Make sure you address all the filter keys that require conversion, following the map below:

// array of [oldKey, newKey] for the renamed keys
const keyConversion = [
    ['labelledBy', 'objectLabel'],
    ['markedBy', 'objectMarking'],
    ['objectContains', 'objects'],
    ['killChainPhase', 'killChainPhases'],
    ['assigneeTo', 'objectAssignee'],
    ['participant', 'objectParticipant'],
    ['creator', 'creator_id'],
    ['hasExternalReference', 'externalReferences'],
    ['hashes_MD5', 'hashes.MD5'],
    ['hashes_SHA1', 'hashes.SHA-1'],
    ['hashes_SHA256', 'hashes.SHA-256'],
    ['hashes_SHA512', 'hashes.SHA-512']
]

Examples

Simple example

Let's start with a simple case:

All Reports with label "label1" or "label2"

(entity_type = Report) AND (label = label1 OR label2)

const oldBackendFilter = [
  {
    key: 'entity_type',
    values: ['Report'],
    operator: 'eq',
    filterMode: 'or',
  },
  {
   key: 'labelledBy',
    values: [label1_id, label2_id],
    operator: 'eq',
    filterMode: 'or',
  },
];

const newFilters = {
  mode: 'and',
  filters: [
    {
      key: 'entity_type',
      values: ['Report'],
      operator: 'eq',
      mode: 'or',
    },
    {
      key: 'objectLabel',
      values: [label1_id, label2_id],
      operator: 'eq',
      mode: 'or',
    }
  ],
  filterGroups: [],
};

Complex example

Now let's see a more complex case involving filter group nesting:

"All Reports that have either the label "label1" or "label2", or no label at all"

(entity_type = Report) AND (label = "No label" OR label1 OR label2)

const oldBackendFilter = [
    {
      key: 'labelledBy',
      values: [label1_id, label2_id, null],
      operator: 'eq',
      filterMode: 'or',
    },
    {
      key: 'entity_type',
      values: ['Report'],
      operator: 'eq',
      filterMode: 'or',
    },
];

const newFilters = {
    mode: 'and',
    filters: [
      {
        key: 'entity_type',
        values: ['Report'],
        operator: 'eq',
        mode: 'or',
      },
    ],
    // the combination mode/operator in this case requires nested filter groups
    filterGroups: [
      {
        mode: 'or',
        filters: [
          {
            key: 'objectLabel',
            values: [label1_id, label2_id],
            operator: 'eq',
            mode: 'or',
          },
          {
            key: 'objectLabel',
            operator: 'nil',
            values: [], // empty, does not matter
            mode: 'or', // and/or, does not matter 
          },
        ],
        filterGroups: [],
      }
    ],
};

Residual dynamic filters

Dynamic filters are not stored in the database, they enable to filter view in the UI, e.g. filters in entities list, investigations, knowledge graphs. They are saved as URL parameters, and can be saved in local storage.

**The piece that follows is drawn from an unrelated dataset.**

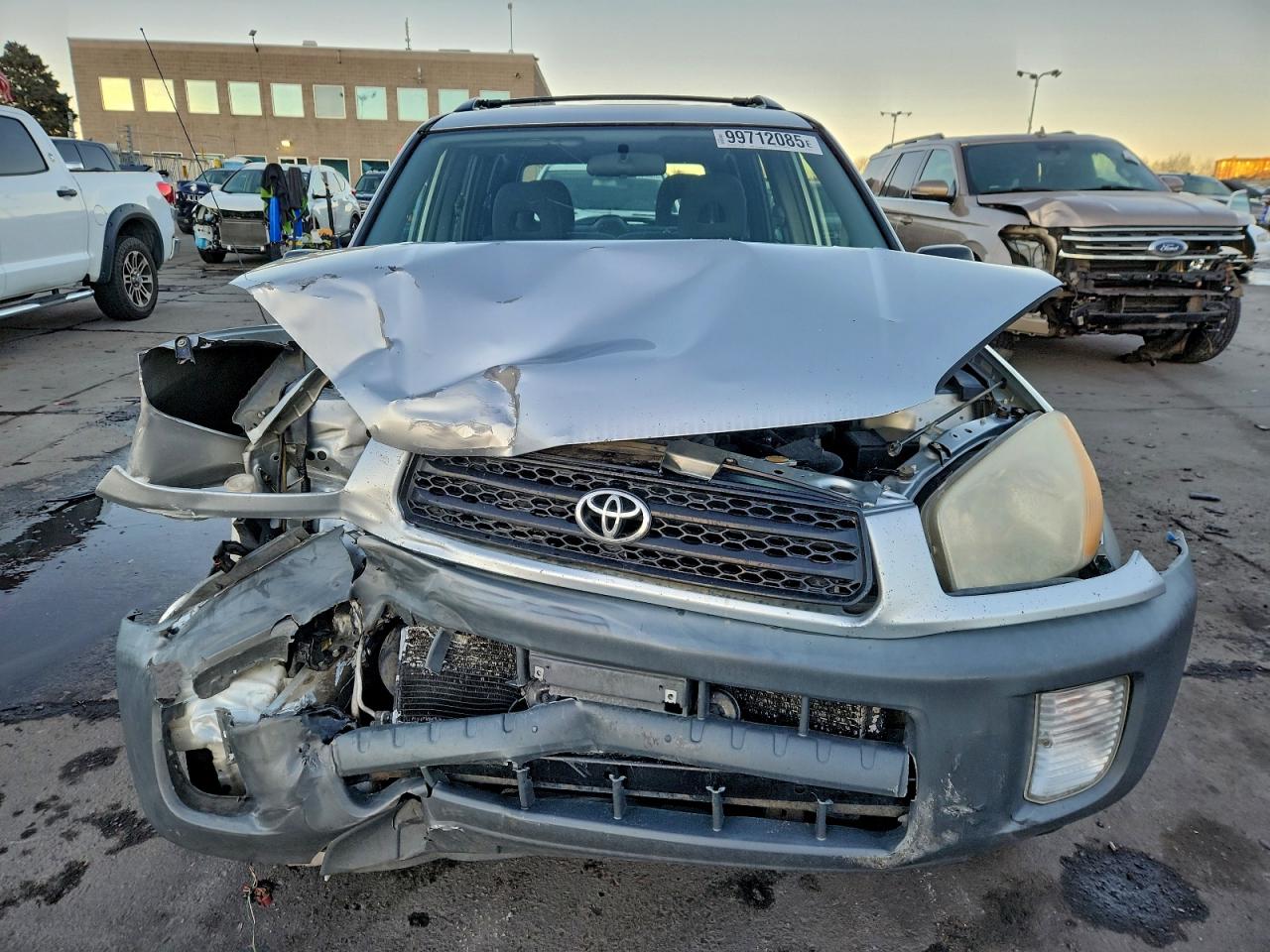 2001 TOYOTA RAV4 photo 5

These filters are not migrated automatically and are lost when moving to 5.12. This concerns the filters saved for each view, that are restored when coming back to the same view. You will need to reconstruct the filters by hand in the UI; these new filters will be properly saved and restored afterward.

Also, when going to an url with filters in the old format, OpenCTI will display a warning and remove the filter parameters. Only URLs built by OpenCTI 5.12 are compatible with it, so you will need to reconstruct the filters by hand and save / share your updated links.